Libatkan Hati Nurani
Kita tahu anggota DPR itu bukan super hero, bukan superman, bukan pula malaikat. Tentu dalam setiap mengambil kebijakan ada berbagai kepentingan. Apakah kepentingan partai, ketua umum, ketua fraksi dan kepentingan lainnya.
Sebagai kader maupun anggota DPR baru, tentunya terikat dengan berbagai kebijakan partai yang harus dikuti. Tetapi, ketika sudah menyangkut kepentingan rakyat, harusnya rakyat lah yang dinomor satukan. Bukan diduakan atau ditigakan.
Terkadang, anggota DPR dalam mengambil keputusan bertentangan dengan keinginan pribadinya karena digelangtungi oleh berbagai kepentingan itu. Oleh sebab itu, perlu rasanya ikut melibatkan hati nurani dalam mengambil berbagai kebijakan dan aturan yang dikira bakal membuat rakyat sengasara.
Ketika melibatkan hati nurani, minimal akan ada rasa bersalah dan berdosa ketika mengambil keputusan yang akan membuat seluruh rakyat Indonesia lebih menderita.
Rasa berdosa itu setidaknya akan membuat hati bergerak. Minimal, bisa mengurangi dampak yang akan ditimbulkan dari sebuah undang undang atau aturan.
Memiliki hati nurani yang mampu membedakan benar dan salah melalui empati, akan menjadikan diri sebagai sumber energi positif untuk melayani kehidupan sosial yang penuh dinamika. Hati nurani adalah penghasil moral, dan saat hati nurani diisi dengan hal-hal dan nilai-nilai positif, maka hati nurani akan menghasilkan kualitas moral yang cerdas untuk memutuskan apa yang baik, apa yang buruk, apa yang benar, apa yang tidak benar, apa yang adil, apa yang tidak adil, apa yang manusiawi, dan apa yang tidak manusiawi.
Pada akhirnya, kualitas moral yang baik akan memiliki empati dan toleransi dalam melayani kehidupan yang beragam.
Seorang Ahli fisika dari Jerman dan Amerika Serikat, Albert Einstein pernah menukilkan quote nya mengenai hati nurani bagi siapapun. “Jangan pernah melakukan sesuatu yang menentang hati nurani bahkan jika negara menuntutnya.”

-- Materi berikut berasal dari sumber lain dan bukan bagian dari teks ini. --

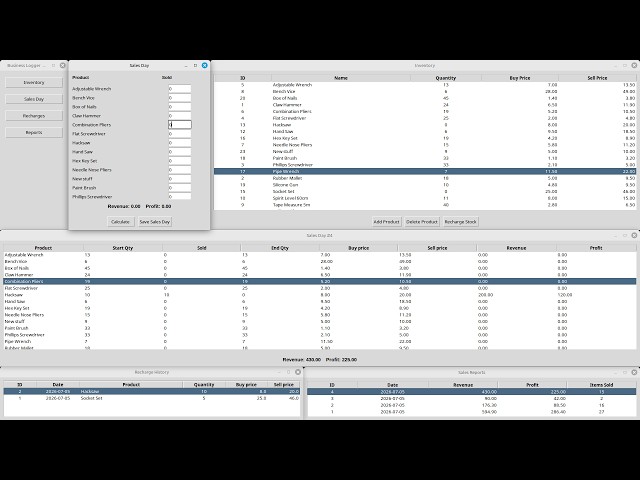 I Made An Old School Simple Business Logger App | Python + Tkinter + SQLite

Bahkan, Pendakhwa Abdullah Gymnastiar mengatakan “banyak hal yang bisa dilakukan dengan kecerdasan, tapi cerdas tanpa hati nurani lebih berbahaya karena bisa membuat kejahatan yang lebih dahsyat.”
Kesimpulannya, dalam menyongsong era baru DPR 2024-2029, anggota dewan yang baru harus belajar dari pengalaman periode yang lalu. Buat wajah baru DPR lebih konkrit untuk kepentingan bangsa dengan menelurkan program-program yang pro terhadap kepentingan rakyat Indonesia.
Jika tugas dan fungsi sudah dijalankan dengan baik, serta mengawal kebijakan yang baik. Maka, target dan tujuan Indonesia Emas 2045 akan tereallisasi. 100 tahun Indonesia harus meraih emas, bukan perak apalagi perunggu.